A new study published in the Articles in Advance section of Transportation Science, a journal of the Institute for Operations Research and the Management Sciences (INFORMS), improves how air traffic managers cope with unexpected delays and provides them with more predictable ways to manage arrival traffic at airports with adverse weather.
The study, Incorporating Predictability into Cost Optimization for Ground Delay Programs, is by Yi Liu and Mark Hansen of the University of California, Berkeley. Ms. Liu received honorable mention for her research in the 2013 INFORMS Aviation Applications Best Student Presentation Competition.
The paper’s key takeaway is that it is good to know early how late a flight will be. Ground Delay Program (GDP) decisions that recognize this are superior to those that do not, substantially reducing the cost of GDPs to flight operators. In a case study based on San Francisco International Airport, the authors reduced the cost of delays by 13%.
The model results can guide traffic managers on when to be optimistic, pessimistic, or neutral in their assumptions about when arrival capacity at an airport will recover.
Bad weather forces the FAA and air traffic controllers to implement GDPs. When there are delays, officials avoid asking pilots to circle their destination, which can increase fuel-related and others costs - and endanger
passengers. Instead, they delay planes on the ground until it is safe to fly, and until backups in traffic to destination airports are reduced.
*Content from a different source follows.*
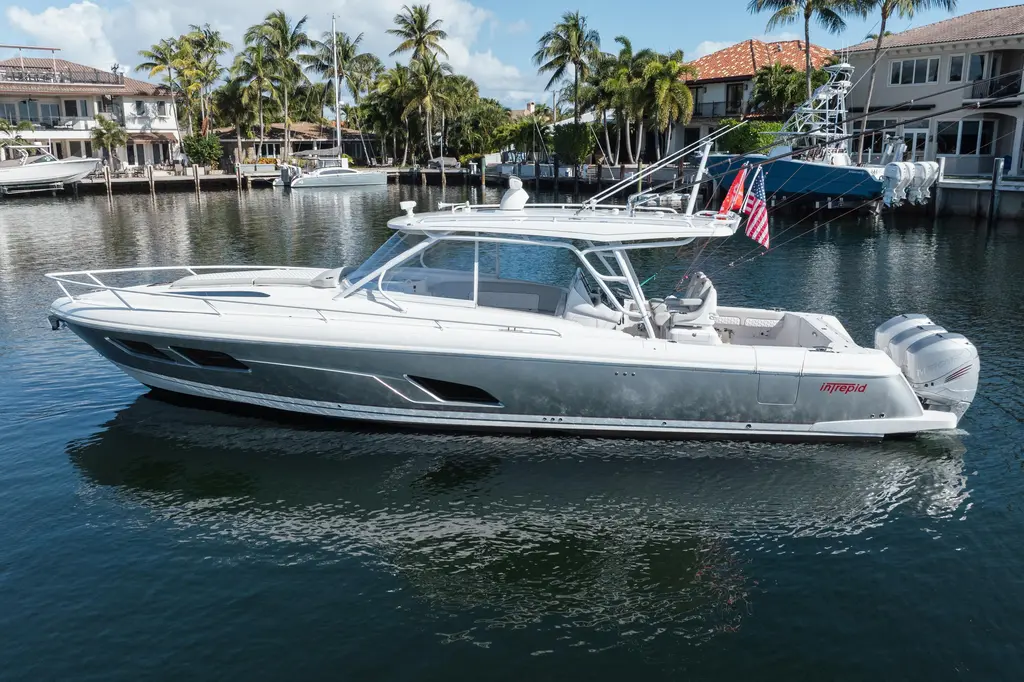 PATTI ANNE 2022 Intrepid 409 Valor Yacht For Sale in Pompano Beach FL PATTI ANNE 2022 Intrepid 409 Valor Yacht For Sale in Pompano Beach FL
In 2011, 1,065 GDPs were issued in the U.S., imposing delays totaling 26.8 million minutes to 519,940 flights. At high volume airports like San Francisco International and Newark Liberty International, GDPs are implemented as often as every other day.
The novelty of the new research is its recognition that airlines and their passengers benefit when they have accurate knowledge of flight delays ahead of time. GDP decisions are based on weather forecasts, which carry great uncertainty. The authors sought to minimize the expected cost of delay, given the information that is available when the decision is made, assigning a cost to changes in the initial plan’s delay.
Ideally, for the amount of delay incurred by a GDP, the cost is least if the entire delay is predicted up front; if there are subsequent modifications, the cost increases. Previous research into reducing delay cost focused on two factors, delays that take place on the ground and those that occur in the air. This is the first research that incorporates a new factor, predictability, into reducing the cost of GDP.
Initial GDP decisions are revised if there are changes in conditions. The most common revisions are extending delays and early resumptions of flights. Prior research did not consider how changes to the initial plan affect the cost of a GDP. And previous research considered the same unit cost of ground delay regardless of whether it was part of the initial GDP plan or imposed due to an extension. In reality, unexpected extra delays require more flight operator dispatcher effort and reduce air traffic controllers’ choices, which can result in greater costs compared to those in the initial plan.
To study the relationship between these GDP problems and decisions, the authors formulated the problem based on a technique known as “continuous approximation modeling.” This is the first time that this class of models, though widely used in other areas of transport analysis, has been applied to this kind of problem. The models are based on a small number of parameters, highlighting the problem’s essence without the distraction of extraneous details.
The analysis also highlights the interplay of GDP scope—the geographical area where originating flights are assigned ground delays and the importance of unpredictability in determining the right “risk posture” to take in planning GDPs. The model is the first to systematically explore how the scope decision affects the optimal planned duration of a GDP.
The insights from this analysis could be used to develop a decision support tool that air traffic managers use to design more predictable GDPs.